#33975 closed Cleanup/optimization (fixed)

__in doesn't clear selected fields on the RHS when QuerySet.alias() is used after annotate().

Reported by: Gabriel Muj Owned by: Bhuvnesh
Component: Database layer (models, ORM) Version: 4.0
Severity: Normal Keywords:
Cc: Simon Charette, Alexandr Tatarinov Triage Stage: Ready for checkin
Has patch: yes Needs documentation: no
Needs tests: no Patch needs improvement: no
Easy pickings: no UI/UX: no

Description

Here is a test case to reproduce the bug, you can add this in tests/annotations/tests.py

    def test_annotation_and_alias_filter_in_subquery(self):
        long_books_qs = (
            Book.objects.filter(
                pages__gt=400,
            )
            .annotate(book_annotate=Value(1))
            .alias(book_alias=Value(1))
        )
        publisher_books_qs = (
            Publisher.objects.filter(
                book__in=long_books_qs
            )
            .values("name")
        )
        self.assertCountEqual(
            publisher_books_qs,
            [
                {'name': 'Apress'},
                {'name': 'Sams'},
                {'name': 'Prentice Hall'},
                {'name': 'Morgan Kaufmann'}
            ]
        )

You should get this error:

django.db.utils.OperationalError: sub-select returns 10 columns - expected 1

Change History (14)

comment:1 by Gabriel Muj, 21 months ago

Component: UncategorizedDatabase layer (models, ORM)

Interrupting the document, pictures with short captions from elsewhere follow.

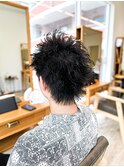 【メンズ★大名】ピンパーマ×スパイキーショート×束感スタイル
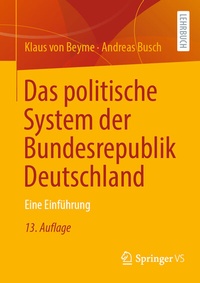 Abbildung von: Das politische System der Bundesrepublik Deutschland - Springer VS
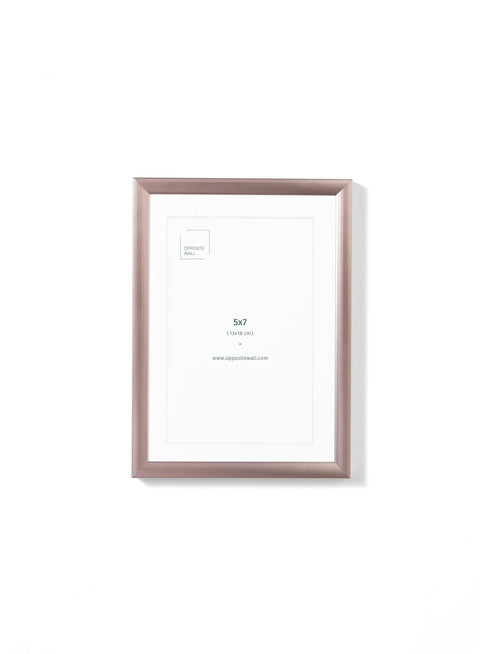 Rose Gold Metal Frame, 5x7 in | 13x18 cm Opposite Wall Frame art-noise.myshopify.com rose-gold-metal-frame-5x7-in-13x18-cm Rose Gold Metal Frame, 5x7 in | 13x18 cm Opposite Wall Frame art-noise.myshopify.com rose-gold-metal-frame-5x7-in-13x18-cm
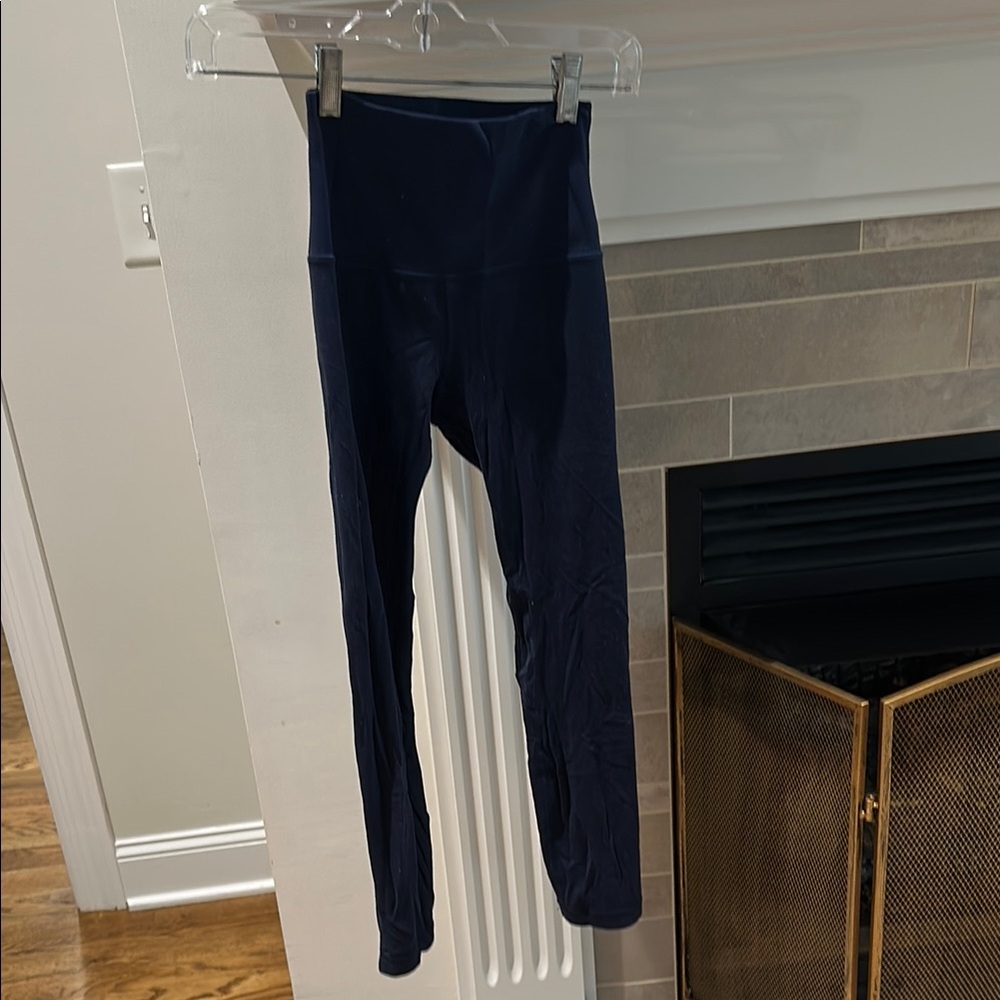 Lululemon Navy Blue High-Waisted Leggings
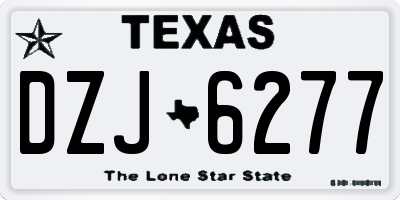 TX license plate DZJ6277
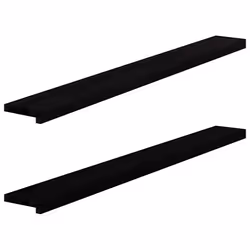 vidaXL Window Sills Window Ledge Window Board 2 pcsÃÂ Untreated Solid Wood Oak - dark brown, 140 x 15 x 2 cm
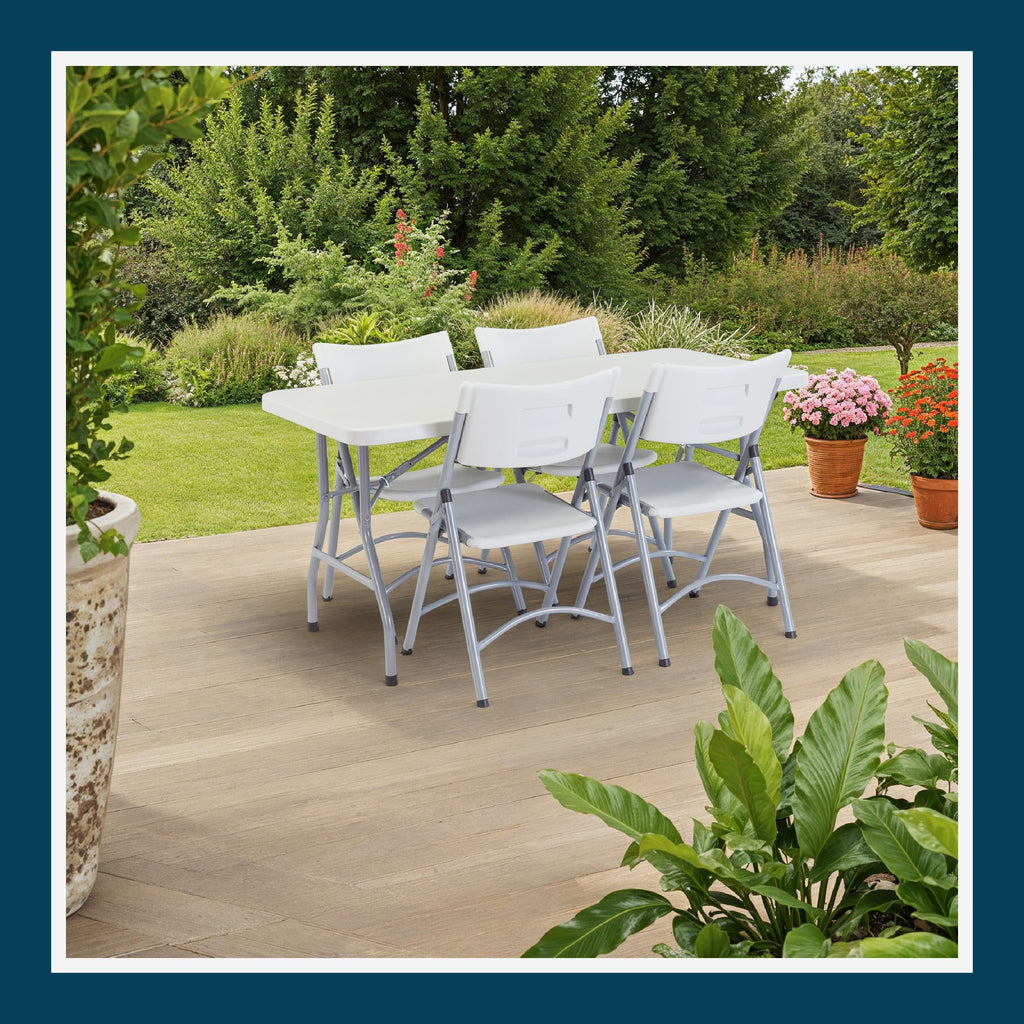 Rectangular Heavy-Duty Folding Table with Steel Frame O821250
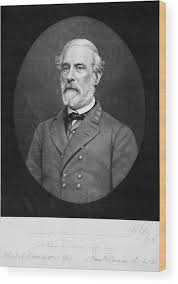 1800s 1860s Portrait Of Robert E Lee Wood Print by Vintage Images - Fine Art America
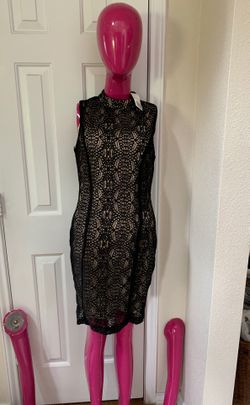 Black lace dress from forever 21 size M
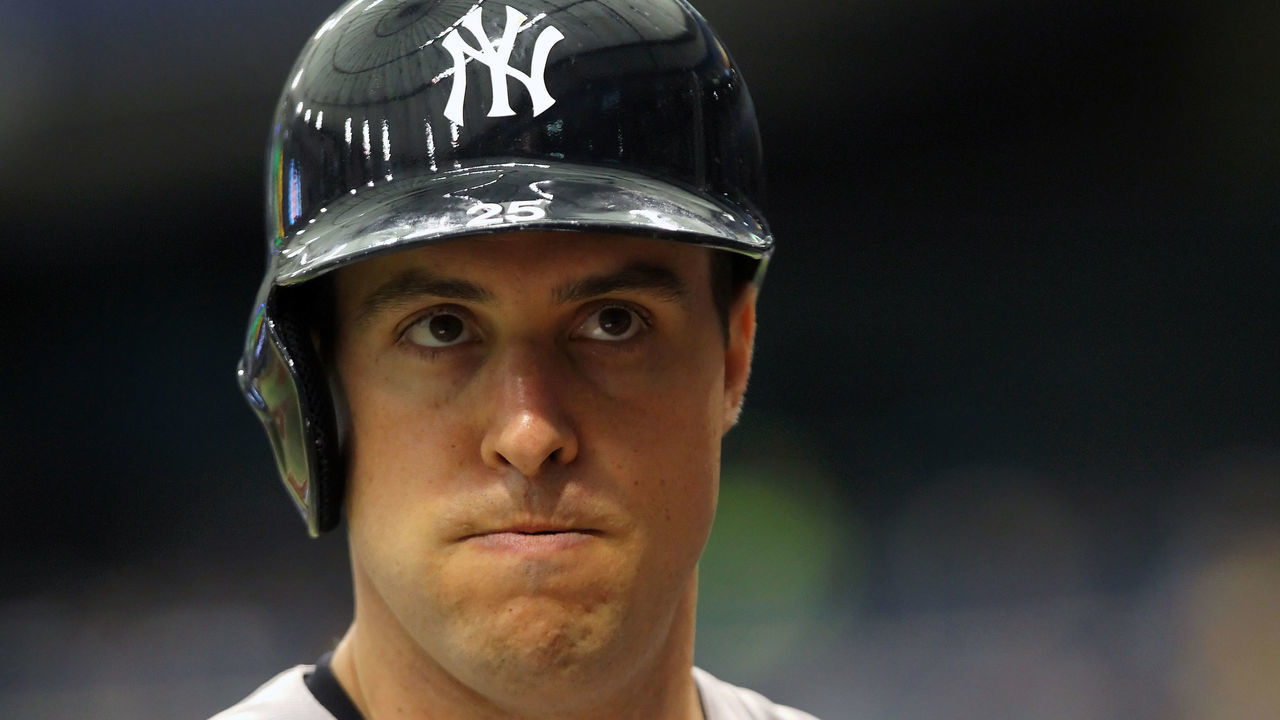 19 APR 2015: Mark Teixeria of the Yankees during the American League regular season game between the New York Yankees and the Tampa Bay Rays at Tropicana Field in St. Petersburg, Florida.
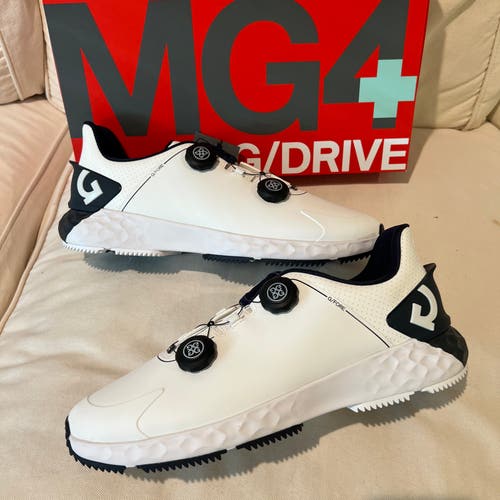 G/Fore G/Drive Perforated Golf Shoes Twilight White Navy Blue G4ma23ef32 Size 13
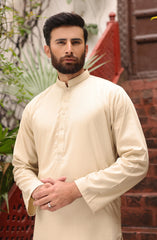 FESTIVE'22 MEN KAMEEZ SHALWAR STYLING BEIGE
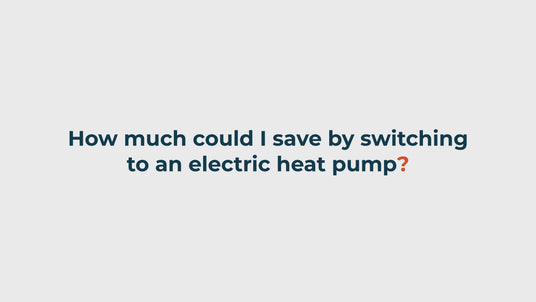 How much could I save by switching to an electric heat pump? 1Click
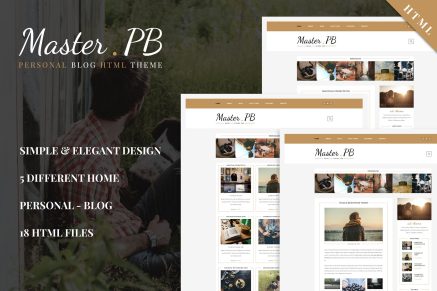 Master PB – Personal Blog HTML Template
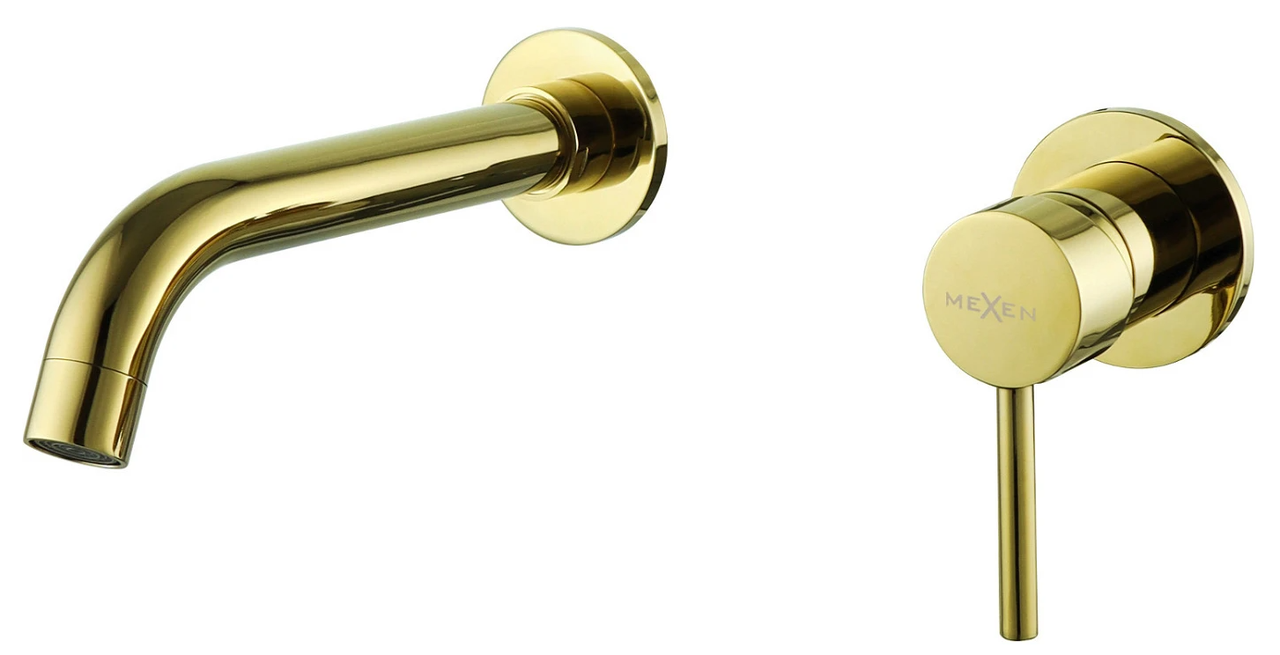 Змішувач для раковини прихованого монтажу Mexen ALMA Gold (2808405940)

comment:2 by Mariusz Felisiak, 21 months ago

Resolution: invalid
Status: newclosed

This is a documented and expected behavior.

comment:3 by Gabriel Muj, 21 months ago

Using either .alias or .annotate works as expected without using .values to limit to 1 column. Why is that? but using both of them doesn't seem work.

in reply to:  3 comment:4 by Mariusz Felisiak, 21 months ago

Cc: Simon Charette Alexandr Tatarinov added
Resolution: invalid
Status: closednew
Summary: Using .filter with lookup field__in=queryset where queryset contains .annotate and .alias fails__in doesn't clear selected fields on the RHS when QuerySet.alias() is used after annotate().
Triage Stage: UnreviewedAccepted
Type: BugCleanup/optimization

Replying to Gabriel Muj:

Using either .alias or .annotate works as expected without using .values to limit to 1 column. Why is that? but using both of them doesn't seem work.

We have some simplification in the __in lookup that automatically limit selected fields to the pk when Query is on the right-side and the selected fields are undefined. It looks like they don't play nice when .annotate() and .alias() are mixed. Tentatively accepted for the investigation.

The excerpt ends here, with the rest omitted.